# Mossberg 930 Tactical



## TURTLE (May 22, 2008)

*Anyone have comments or input /exsperience with this shotgun? I just picked one up and have not had a chance to shoot it yet.*


----------



## rob883 (Oct 3, 2007)

the only thing i can say is BADASS !!!!!


----------



## BassMaster (Oct 5, 2007)

If it is anything like the Mossberg 9200 autoloader I owned years ago, it will be flawless and one of your favorite guns.


----------



## kaferhaus (Oct 8, 2009)

Well if it shoots as good as it looks, you've got a winner.

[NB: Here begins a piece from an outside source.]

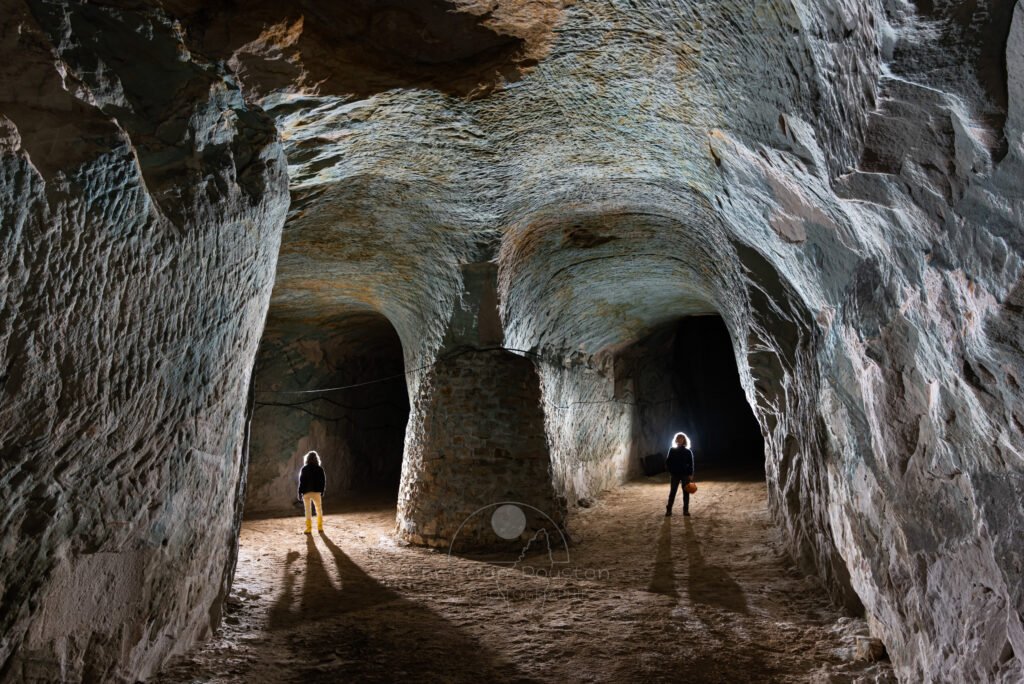 Un virage à 180° dans la galerie. (La hauteur de plafond est impressionnante). (Carrière de Saint-Pancrace, Gard)
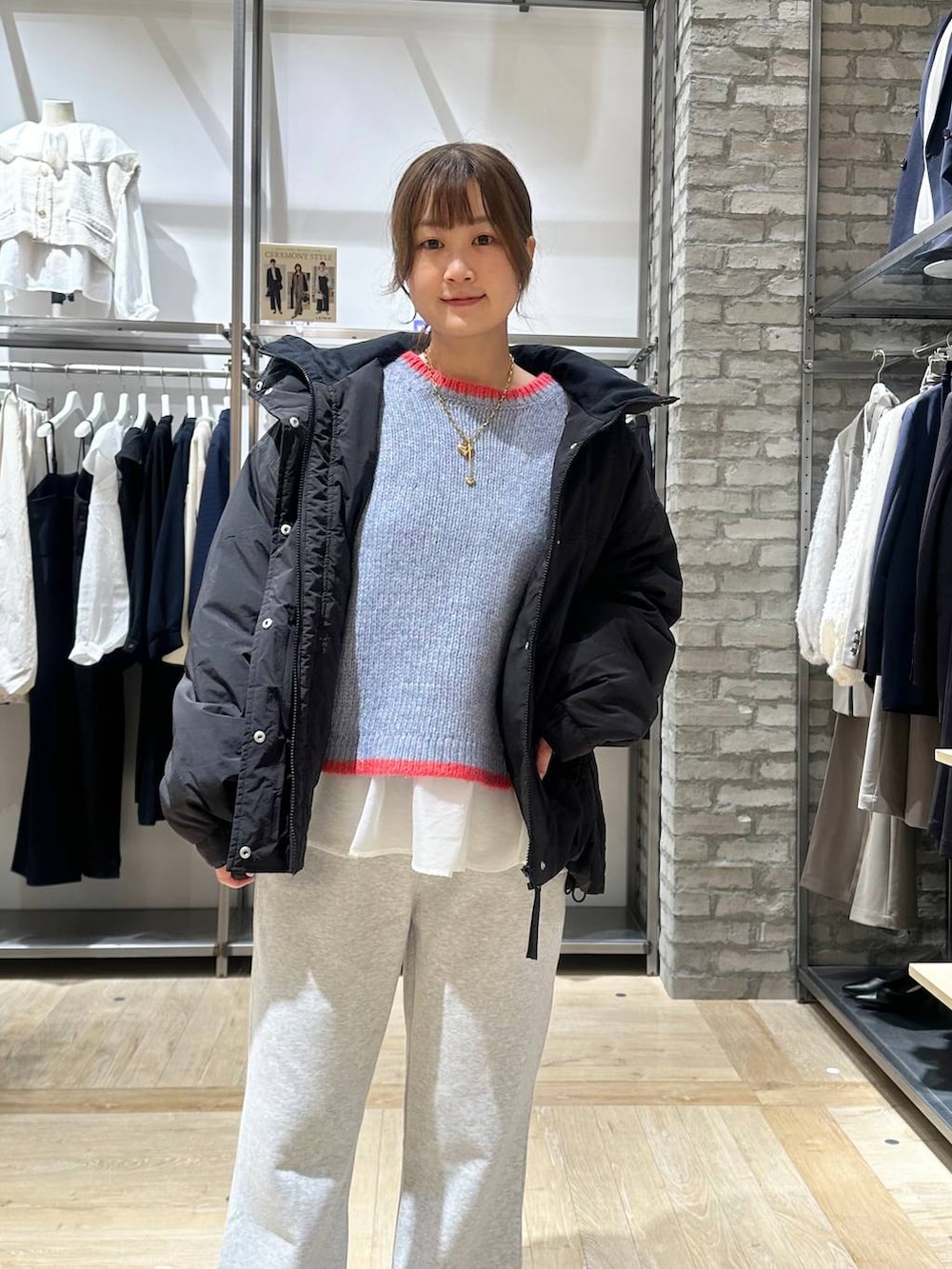 ブラック系のその他アウター、ホワイト系のTシャツ/カットソー、グレー系のショルダーバッグを着用したレディースの冬コーディネートの9枚目の写真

I too had a 9200 and it was a excellent shotgun.


----------



## FlFrayedKnot (Feb 15, 2009)

I bought a 930 combo, 18" riot and 26 (?) inch field barrels, when I ran across one at the gun show shortly after they came out. The gun shoots extremely well, and while it now primarily lives in the riot mode, it busted clays pretty good.


----------



## TURTLE (May 22, 2008)

*Thanks for the input. I ordered the mag extender yesterday, can't wait.*


----------



## rob883 (Oct 3, 2007)

that is a rock da house special !!!!


----------



## welldoya (Oct 5, 2007)

Man, that barrel looks short. How long is it ? It looks to be about 16".


----------



## bleachcola (Apr 10, 2011)

Mossberg has never done me wrong. I've shot practically everything they make. Have one next to my bed and one in the truck. Switch out the barrel and I can put food on the table with it.


----------



## bleachcola (Apr 10, 2011)

For the record, the tip on the first pic is used for blowing hinges off doors. A good movie example can be seen in Heat where Wes Studi uses it prior to him and Al Pacino busting through a door.


----------



## hogdogs (Apr 19, 2010)

Yes the breacher was designed to pop hinges and locks. But this one should be considered "decorative" not serviceable. 

Also, from what I have gleaned, the rounds used for door breaching does not use standard projectiles such as lead... they are considered a frangible projectile.

Brent


----------